From mboxrd@z Thu Jan  1 00:00:00 1970
Received: from eggs.gnu.org ([2001:4830:134:3::10]:44904)
	by lists.gnu.org with esmtp (Exim 4.71)
	(envelope-from <peterx@redhat.com>) id 1fiYq9-0007WJ-Ix
	for qemu-devel@nongnu.org; Thu, 26 Jul 2018 01:29:32 -0400
Received: from Debian-exim by eggs.gnu.org with spam-scanned (Exim 4.71)
	(envelope-from <peterx@redhat.com>) id 1fiYq6-0007FK-JF
	for qemu-devel@nongnu.org; Thu, 26 Jul 2018 01:29:29 -0400
Received: from mx3-rdu2.redhat.com ([66.187.233.73]:55214 helo=mx1.redhat.com)
	by eggs.gnu.org with esmtps (TLS1.0:DHE_RSA_AES_256_CBC_SHA1:32)
	(Exim 4.71) (envelope-from <peterx@redhat.com>) id 1fiYq6-0007Dw-Cc
	for qemu-devel@nongnu.org; Thu, 26 Jul 2018 01:29:26 -0400
Date: Thu, 26 Jul 2018 13:29:15 +0800
From: Peter Xu <peterx@redhat.com>
Message-ID: <20180726052915.GK2479@xz-mi>
References: <20180719121520.30026-1-xiaoguangrong@tencent.com>
	<20180719121520.30026-4-xiaoguangrong@tencent.com>
	<20180723043634.GC2491@xz-mi>
	<8ae4beeb-0c6d-04a1-189a-972bcf342656@gmail.com>
	<20180723080559.GI2491@xz-mi> <20180725164401.GD2365@work-vm>
MIME-Version: 1.0
Content-Type: text/plain; charset=utf-8
Content-Disposition: inline
In-Reply-To: <20180725164401.GD2365@work-vm>
Subject: Re: [Qemu-devel] [PATCH v2 3/8] migration: show the statistics of
 compression
List-Id: <qemu-devel.nongnu.org>
List-Unsubscribe: <https://lists.nongnu.org/mailman/options/qemu-devel>,
	<mailto:qemu-devel-request@nongnu.org?subject=unsubscribe>
List-Archive: <http://lists.nongnu.org/archive/html/qemu-devel/>
List-Post: <mailto:qemu-devel@nongnu.org>
List-Help: <mailto:qemu-devel-request@nongnu.org?subject=help>
List-Subscribe: <https://lists.nongnu.org/mailman/listinfo/qemu-devel>,
	<mailto:qemu-devel-request@nongnu.org?subject=subscribe>
To: "Dr.
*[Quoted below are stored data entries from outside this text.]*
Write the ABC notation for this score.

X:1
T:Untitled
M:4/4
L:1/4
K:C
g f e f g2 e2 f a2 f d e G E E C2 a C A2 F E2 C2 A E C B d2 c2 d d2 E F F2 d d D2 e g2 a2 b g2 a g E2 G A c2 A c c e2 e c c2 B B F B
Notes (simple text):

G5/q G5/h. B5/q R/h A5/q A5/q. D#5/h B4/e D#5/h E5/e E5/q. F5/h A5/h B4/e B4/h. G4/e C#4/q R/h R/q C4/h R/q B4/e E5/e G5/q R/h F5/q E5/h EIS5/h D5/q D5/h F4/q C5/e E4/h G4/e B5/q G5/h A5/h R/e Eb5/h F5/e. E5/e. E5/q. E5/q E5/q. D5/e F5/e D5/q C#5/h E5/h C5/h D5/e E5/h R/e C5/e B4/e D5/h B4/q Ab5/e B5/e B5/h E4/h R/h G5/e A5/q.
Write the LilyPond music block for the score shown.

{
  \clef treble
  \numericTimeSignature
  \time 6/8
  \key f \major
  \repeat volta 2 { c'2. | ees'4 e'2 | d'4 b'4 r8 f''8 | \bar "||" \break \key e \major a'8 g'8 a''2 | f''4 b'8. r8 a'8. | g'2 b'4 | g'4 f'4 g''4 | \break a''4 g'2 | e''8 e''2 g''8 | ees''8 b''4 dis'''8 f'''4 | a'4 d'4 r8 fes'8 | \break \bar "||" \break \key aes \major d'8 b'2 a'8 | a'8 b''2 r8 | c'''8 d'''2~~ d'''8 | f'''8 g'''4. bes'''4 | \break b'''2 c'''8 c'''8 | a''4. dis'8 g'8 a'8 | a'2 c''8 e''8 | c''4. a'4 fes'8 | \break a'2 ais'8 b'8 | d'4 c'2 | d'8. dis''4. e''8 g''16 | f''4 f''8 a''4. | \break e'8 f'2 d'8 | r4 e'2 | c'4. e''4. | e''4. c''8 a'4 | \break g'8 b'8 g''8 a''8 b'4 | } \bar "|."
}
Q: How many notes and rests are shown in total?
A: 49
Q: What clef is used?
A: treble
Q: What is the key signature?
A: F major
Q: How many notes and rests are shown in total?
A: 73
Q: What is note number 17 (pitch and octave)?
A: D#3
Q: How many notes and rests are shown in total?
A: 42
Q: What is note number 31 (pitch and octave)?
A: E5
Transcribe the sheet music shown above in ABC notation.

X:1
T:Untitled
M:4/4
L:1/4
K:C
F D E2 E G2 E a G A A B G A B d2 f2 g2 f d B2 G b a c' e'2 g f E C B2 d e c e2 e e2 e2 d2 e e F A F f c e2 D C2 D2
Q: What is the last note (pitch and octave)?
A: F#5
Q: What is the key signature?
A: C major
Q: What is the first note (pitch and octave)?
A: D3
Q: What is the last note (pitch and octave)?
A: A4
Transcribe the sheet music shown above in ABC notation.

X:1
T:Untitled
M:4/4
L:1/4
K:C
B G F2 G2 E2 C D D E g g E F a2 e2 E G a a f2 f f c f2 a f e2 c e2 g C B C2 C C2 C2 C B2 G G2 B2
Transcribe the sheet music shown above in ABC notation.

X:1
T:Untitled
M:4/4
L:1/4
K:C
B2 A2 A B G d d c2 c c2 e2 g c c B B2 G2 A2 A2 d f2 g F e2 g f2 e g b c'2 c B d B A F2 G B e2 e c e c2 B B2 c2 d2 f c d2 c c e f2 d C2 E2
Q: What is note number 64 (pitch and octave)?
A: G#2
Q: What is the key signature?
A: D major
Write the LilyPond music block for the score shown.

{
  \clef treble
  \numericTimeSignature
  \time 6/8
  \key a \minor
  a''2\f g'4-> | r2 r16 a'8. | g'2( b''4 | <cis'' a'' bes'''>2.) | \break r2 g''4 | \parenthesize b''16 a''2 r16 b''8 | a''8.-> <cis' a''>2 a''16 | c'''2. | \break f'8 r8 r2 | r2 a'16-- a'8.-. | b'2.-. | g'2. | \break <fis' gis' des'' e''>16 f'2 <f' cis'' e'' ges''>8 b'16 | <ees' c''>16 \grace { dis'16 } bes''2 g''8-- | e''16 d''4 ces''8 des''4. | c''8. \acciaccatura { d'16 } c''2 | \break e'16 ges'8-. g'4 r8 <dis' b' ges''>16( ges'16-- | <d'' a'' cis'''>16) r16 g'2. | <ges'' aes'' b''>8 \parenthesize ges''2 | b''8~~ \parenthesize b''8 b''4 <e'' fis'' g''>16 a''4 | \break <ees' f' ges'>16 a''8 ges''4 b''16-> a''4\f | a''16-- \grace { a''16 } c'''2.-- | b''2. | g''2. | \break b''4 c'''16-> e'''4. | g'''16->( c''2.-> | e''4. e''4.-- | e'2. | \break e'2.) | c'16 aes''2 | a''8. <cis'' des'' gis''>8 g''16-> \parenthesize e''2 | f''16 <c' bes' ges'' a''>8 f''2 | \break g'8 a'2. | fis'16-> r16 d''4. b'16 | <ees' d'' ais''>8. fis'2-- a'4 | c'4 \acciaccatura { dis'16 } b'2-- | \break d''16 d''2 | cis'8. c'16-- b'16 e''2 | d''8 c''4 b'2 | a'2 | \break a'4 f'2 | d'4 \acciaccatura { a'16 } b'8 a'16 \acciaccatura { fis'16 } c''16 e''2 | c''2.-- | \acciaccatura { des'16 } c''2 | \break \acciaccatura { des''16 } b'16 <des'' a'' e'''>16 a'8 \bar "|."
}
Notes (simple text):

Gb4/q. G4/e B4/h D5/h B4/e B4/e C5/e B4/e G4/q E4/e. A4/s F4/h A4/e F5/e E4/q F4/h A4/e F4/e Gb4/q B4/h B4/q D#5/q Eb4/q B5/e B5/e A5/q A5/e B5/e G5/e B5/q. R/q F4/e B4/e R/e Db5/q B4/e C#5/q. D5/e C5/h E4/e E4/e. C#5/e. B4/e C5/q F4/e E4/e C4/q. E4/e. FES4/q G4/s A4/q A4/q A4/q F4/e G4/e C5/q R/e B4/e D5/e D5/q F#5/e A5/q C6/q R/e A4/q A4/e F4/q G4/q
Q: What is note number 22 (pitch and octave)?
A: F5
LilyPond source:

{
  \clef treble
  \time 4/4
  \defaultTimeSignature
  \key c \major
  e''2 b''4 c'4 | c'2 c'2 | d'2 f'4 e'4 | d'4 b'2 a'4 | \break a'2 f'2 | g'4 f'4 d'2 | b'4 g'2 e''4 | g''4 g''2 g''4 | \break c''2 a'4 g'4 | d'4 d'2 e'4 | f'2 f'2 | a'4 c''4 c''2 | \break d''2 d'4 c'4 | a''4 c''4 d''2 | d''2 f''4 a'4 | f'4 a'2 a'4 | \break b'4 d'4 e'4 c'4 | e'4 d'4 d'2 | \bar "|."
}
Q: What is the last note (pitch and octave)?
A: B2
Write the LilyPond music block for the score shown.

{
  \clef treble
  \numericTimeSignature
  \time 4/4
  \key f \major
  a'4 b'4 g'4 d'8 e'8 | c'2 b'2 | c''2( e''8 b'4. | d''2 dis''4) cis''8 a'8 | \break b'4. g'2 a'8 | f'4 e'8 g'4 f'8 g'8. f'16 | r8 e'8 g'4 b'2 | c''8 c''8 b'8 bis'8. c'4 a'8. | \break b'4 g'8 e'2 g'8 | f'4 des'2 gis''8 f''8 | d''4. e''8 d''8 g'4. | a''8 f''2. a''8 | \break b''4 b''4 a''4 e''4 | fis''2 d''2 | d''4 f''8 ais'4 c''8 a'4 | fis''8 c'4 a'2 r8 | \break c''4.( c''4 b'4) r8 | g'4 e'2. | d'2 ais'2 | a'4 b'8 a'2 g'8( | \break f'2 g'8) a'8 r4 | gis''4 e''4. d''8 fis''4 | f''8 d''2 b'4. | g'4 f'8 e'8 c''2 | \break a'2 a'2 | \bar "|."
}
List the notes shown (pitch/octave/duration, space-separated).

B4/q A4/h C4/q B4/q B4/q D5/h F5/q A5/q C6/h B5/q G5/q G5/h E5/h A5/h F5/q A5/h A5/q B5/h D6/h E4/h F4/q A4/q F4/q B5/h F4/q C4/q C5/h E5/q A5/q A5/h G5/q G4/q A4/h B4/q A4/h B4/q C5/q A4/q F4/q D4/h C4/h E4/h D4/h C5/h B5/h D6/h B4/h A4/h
David Alan Gilbert" <dgilbert@redhat.com>
Cc: Xiao Guangrong <guangrong.xiao@gmail.com>, pbonzini@redhat.com, mst@redhat.com, mtosatti@redhat.com, qemu-devel@nongnu.org, kvm@vger.kernel.org, wei.w.wang@intel.com, jiang.biao2@zte.com.cn, eblake@redhat.com, Xiao Guangrong <xiaoguangrong@tencent.com>

On Wed, Jul 25, 2018 at 05:44:02PM +0100, Dr. David Alan Gilbert wrote:
> * Peter Xu (peterx@redhat.com) wrote:
> > On Mon, Jul 23, 2018 at 03:39:18PM +0800, Xiao Guangrong wrote:
> > > 
> > > 
> > > On 07/23/2018 12:36 PM, Peter Xu wrote:
> > > > On Thu, Jul 19, 2018 at 08:15:15PM +0800, guangrong.xiao@gmail.com wrote:
> > > > > @@ -1597,6 +1608,24 @@ static void migration_update_rates(RAMState *rs, int64_t end_time)
> > > > >               rs->xbzrle_cache_miss_prev) / iter_count;
> > > > >           rs->xbzrle_cache_miss_prev = xbzrle_counters.cache_miss;
> > > > >       }
> > > > > +
> > > > > +    if (migrate_use_compression()) {
> > > > > +        uint64_t comp_pages;
> > > > > +
> > > > > +        compression_counters.busy_rate = (double)(compression_counters.busy -
> > > > > +            rs->compress_thread_busy_prev) / iter_count;
> > > > 
> > > > Here I'm not sure it's correct...
> > > > 
> > > > "iter_count" stands for ramstate.iterations.  It's increased per
> > > > ram_find_and_save_block(), so IMHO it might contain multiple guest
> > > 
> > > ram_find_and_save_block() returns if a page is successfully posted and
> > > it only posts 1 page out at one time.
> > 
> > ram_find_and_save_block() calls ram_save_host_page(), and we should be
> > sending multiple guest pages in ram_save_host_page() if the host page
> > is a huge page?
> > 
> > > 
> > > > pages.  However compression_counters.busy should be per guest page.
> > > > 
> > > 
> > > Actually, it's derived from xbzrle_counters.cache_miss_rate:
> > >         xbzrle_counters.cache_miss_rate = (double)(xbzrle_counters.cache_miss -
> > >             rs->xbzrle_cache_miss_prev) / iter_count;
> > 
> > Then this is suspecious to me too...
> 
> Actually; I think this isn't totally wrong;  iter_count is the *difference* in
> iterations since the last time it was updated:
> 
>    uint64_t iter_count = rs->iterations - rs->iterations_prev;
> 
>         xbzrle_counters.cache_miss_rate = (double)(xbzrle_counters.cache_miss -
>             rs->xbzrle_cache_miss_prev) / iter_count;
> 
> so this is:
>       cache-misses-since-last-update
>       ------------------------------
>         iterations since last-update
> 
> so the 'miss_rate' is ~misses / iteration.
> Although that doesn't really correspond to time.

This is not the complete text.